## Task requirements
Pictures aside, reproduce exactly and only the lines below, starting at the one containing "2 Bed in Whithorn 1" and ending at the last line.

- - - - -

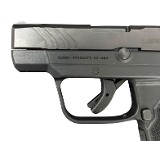 RUGER LCP II .380 ACP - 3 of 3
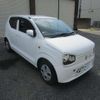 suzuki alto 2017 -SUZUKI--Alto DBA-HA36S--HA36S-341119---SUZUKI--Alto DBA-HA36S--HA36S-341119- image 1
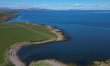 2 Bed in Whithorn 1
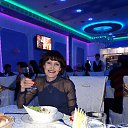 ���� �������, ������, 65 ��� - ��������� 23 ������� 2019 � ������ ���� ����������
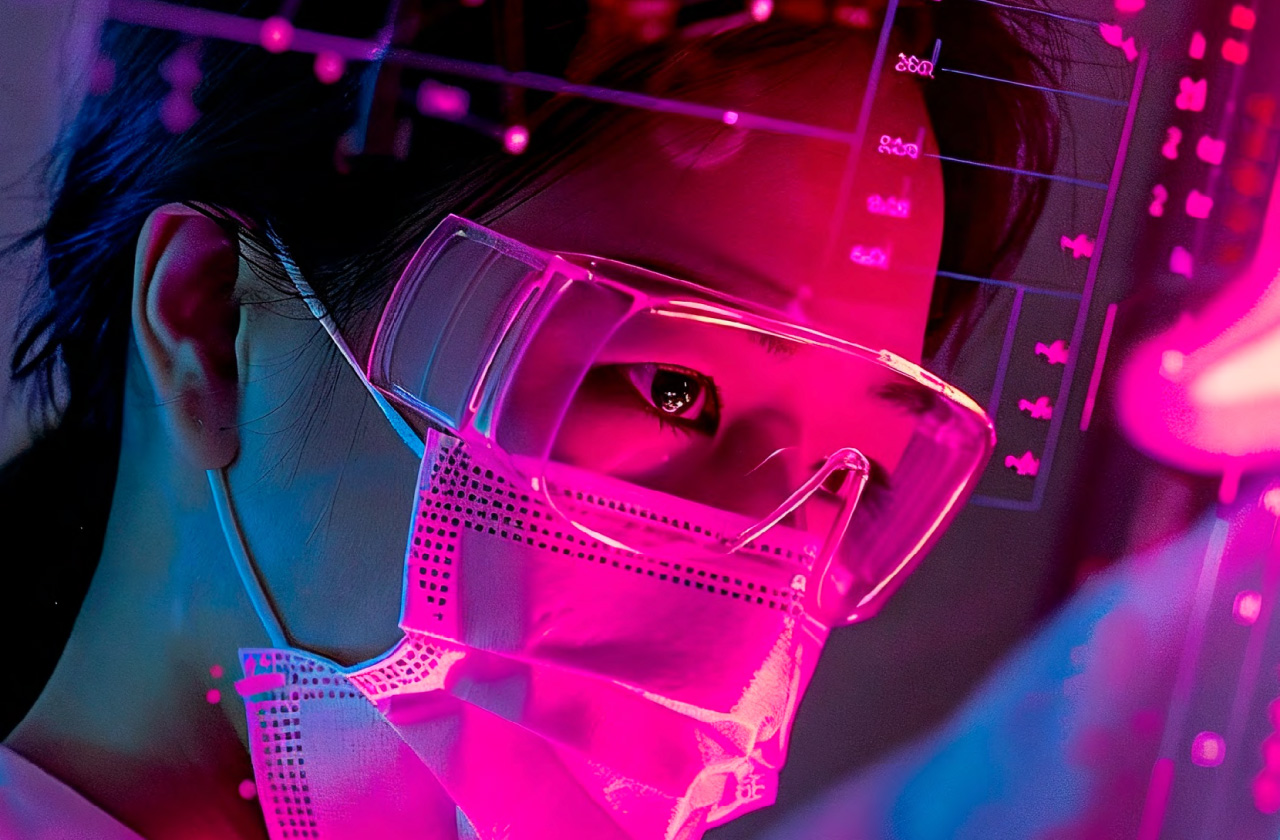 q-doc® is a modular software suite that facilitates seamless, traceable, and compliant data management across different stages of laboratory workflows in QC and IPC.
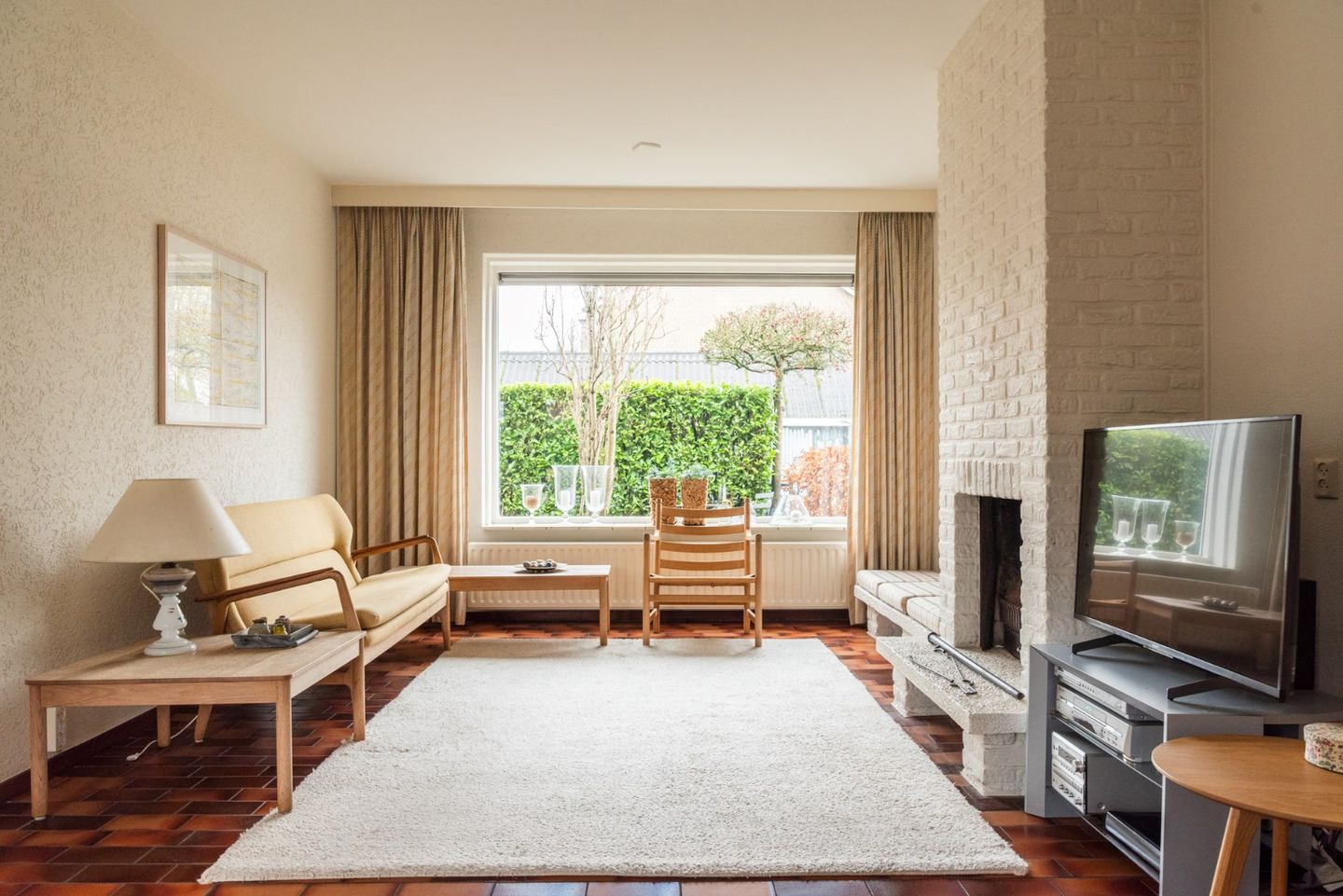 Foto 50 van Prinsenhof 17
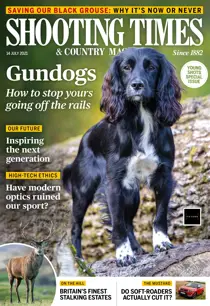 14-Jul-2021 
                issue 14-Jul-2021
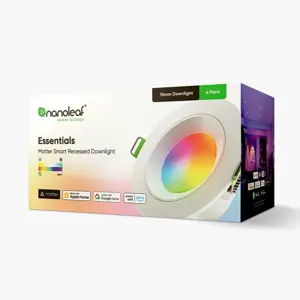 nanoleaf-nf080d02-4w3-smart-lighting-smart-lighting-spot-blu-49481-wlononwcrmwa4.webp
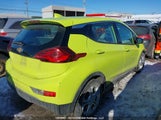 Chevrolet Bolt Ev 1G1FY6S05K4119153 снимка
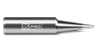 Soldering Iron Tips - 2024538 - RS Components, Ltd.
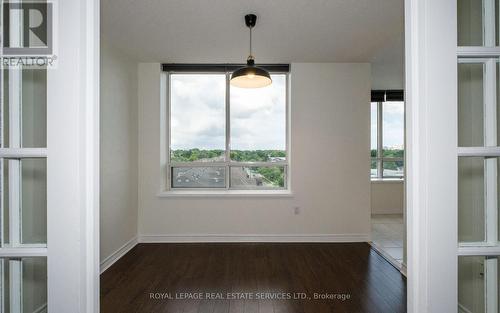 812 - 88 Grandview Way, Toronto (Willowdale East), ON - Indoor Photo Showing Other Room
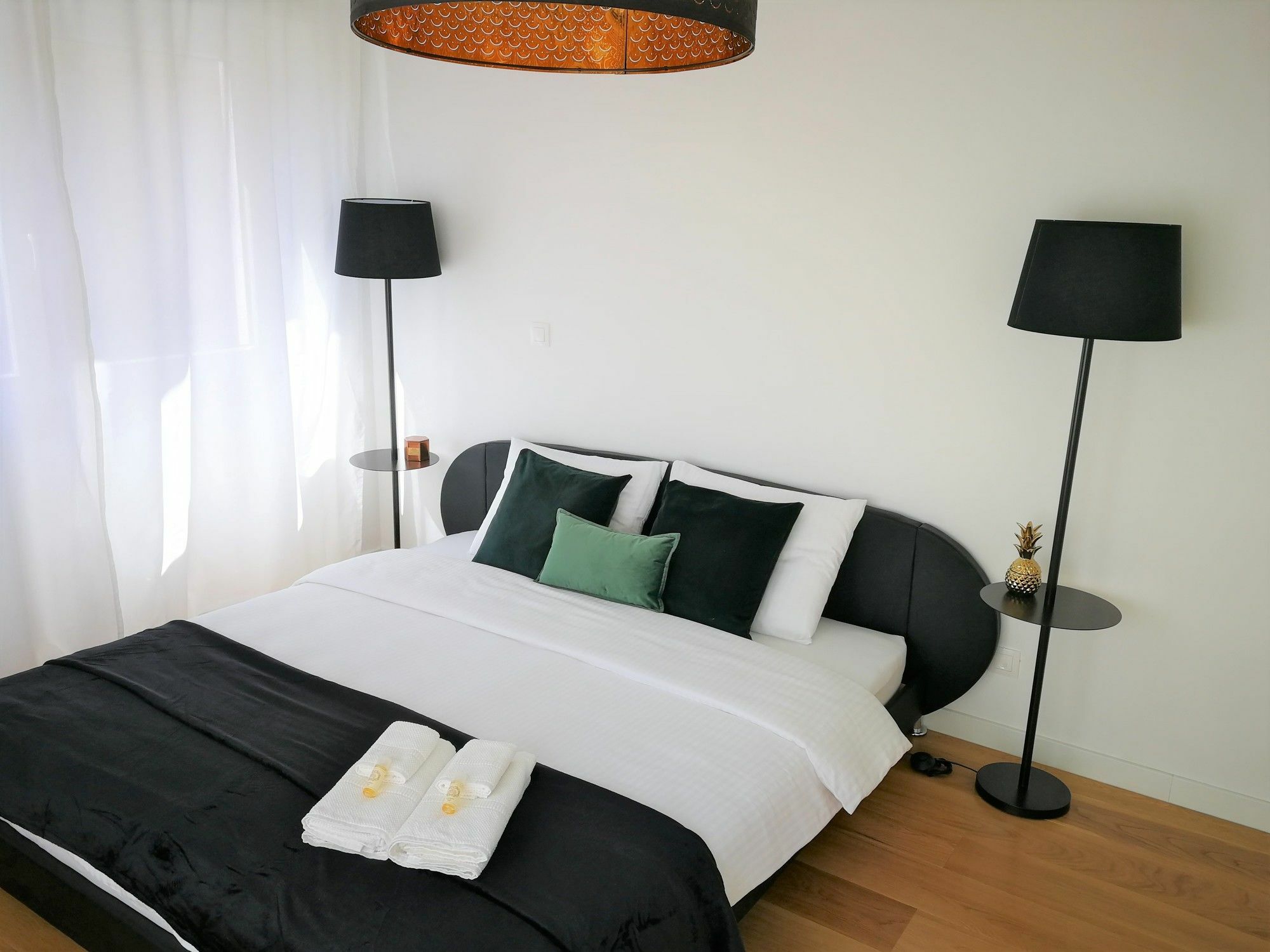 Industrial Lisbon Apartment (Adults Only) Esterno foto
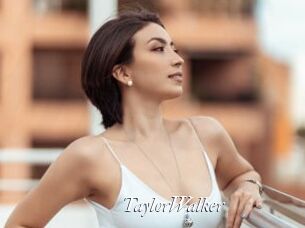 TaylorWalker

- - - - -

## Output
 2 Bed in Whithorn 1
 ���� �������, ������, 65 ��� - ��������� 23 ������� 2019 � ������ ���� ����������
 q-doc® is a modular software suite that facilitates seamless, traceable, and compliant data management across different stages of laboratory workflows in QC and IPC.
 Foto 50 van Prinsenhof 17
 14-Jul-2021 
                issue 14-Jul-2021
 nanoleaf-nf080d02-4w3-smart-lighting-smart-lighting-spot-blu-49481-wlononwcrmwa4.webp
 Chevrolet Bolt Ev 1G1FY6S05K4119153 снимка
 Soldering Iron Tips - 2024538 - RS Components, Ltd.
 812 - 88 Grandview Way, Toronto (Willowdale East), ON - Indoor Photo Showing Other Room
 Industrial Lisbon Apartment (Adults Only) Esterno foto
 TaylorWalker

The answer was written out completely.